## [RECORD SET]

····················

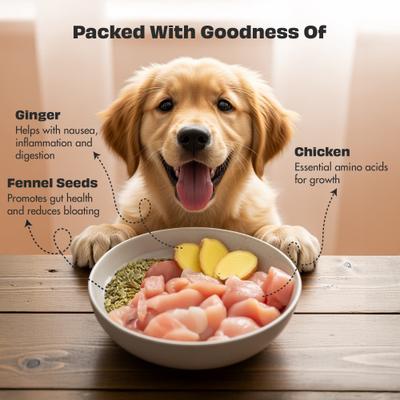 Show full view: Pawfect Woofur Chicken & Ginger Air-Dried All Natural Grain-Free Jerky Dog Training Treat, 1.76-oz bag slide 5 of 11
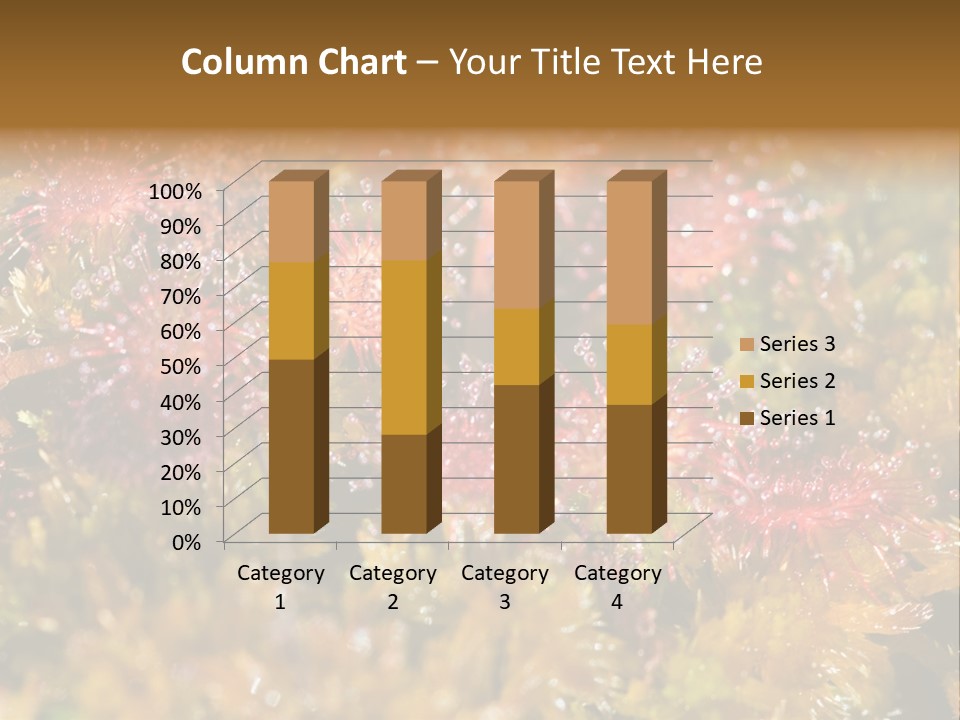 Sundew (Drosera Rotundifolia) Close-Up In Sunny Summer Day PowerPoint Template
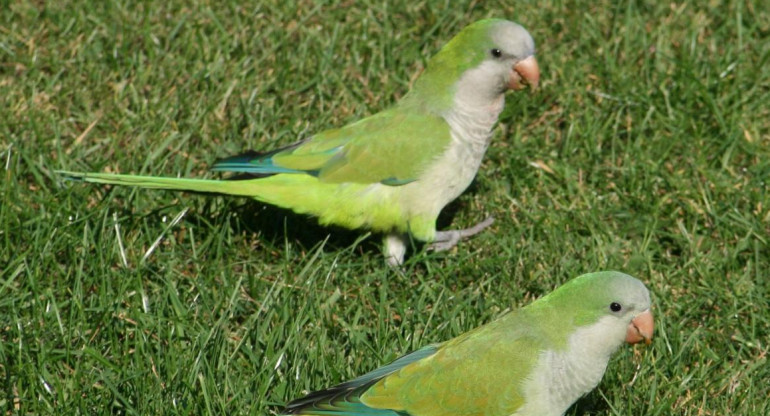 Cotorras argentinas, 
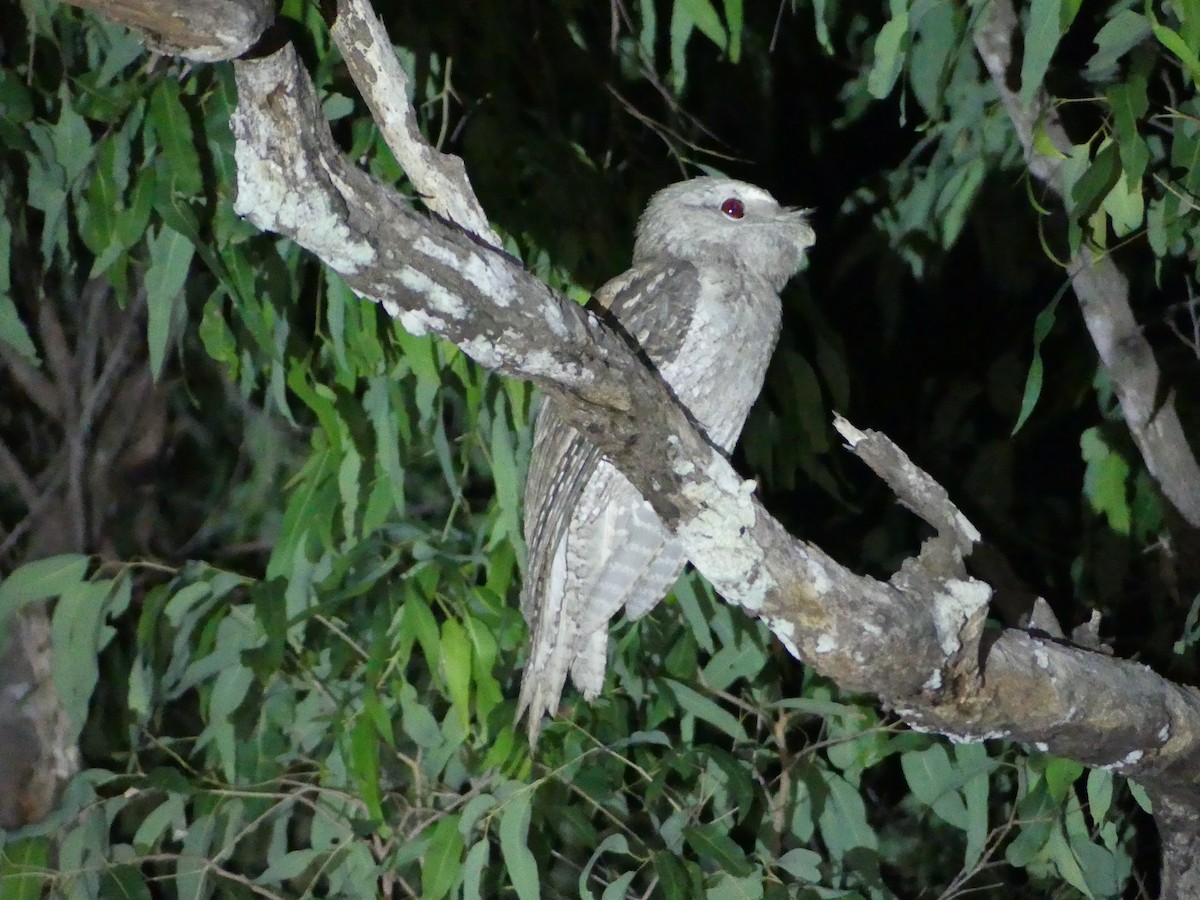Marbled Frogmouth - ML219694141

····················

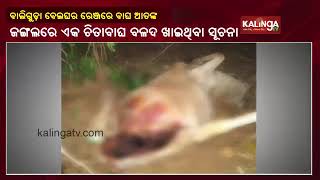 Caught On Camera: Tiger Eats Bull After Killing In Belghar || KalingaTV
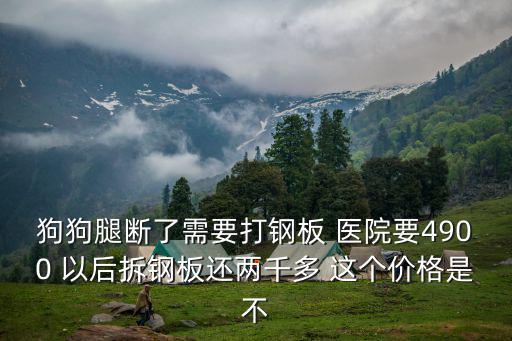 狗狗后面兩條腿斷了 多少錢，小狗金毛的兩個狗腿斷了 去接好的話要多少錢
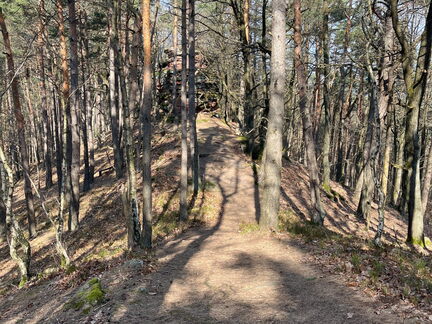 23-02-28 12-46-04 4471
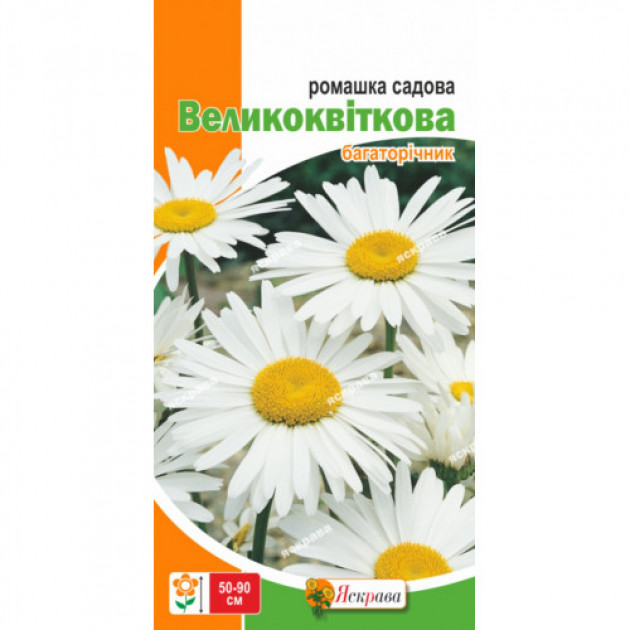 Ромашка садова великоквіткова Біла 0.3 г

····················

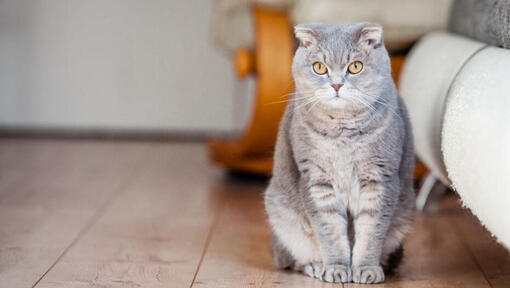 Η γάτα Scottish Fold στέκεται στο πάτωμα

····················

## [TASK BRIEF]
Within the material above, find the part that opens with the line containing "23-02-28 12-46-04 4471" and closes with the line containing "Ромашка садова великоквіткова Біла 0.3 г", and reproduce it exactly without the pictures.

## [WORKED SOLUTION]
 23-02-28 12-46-04 4471
 Ромашка садова великоквіткова Біла 0.3 г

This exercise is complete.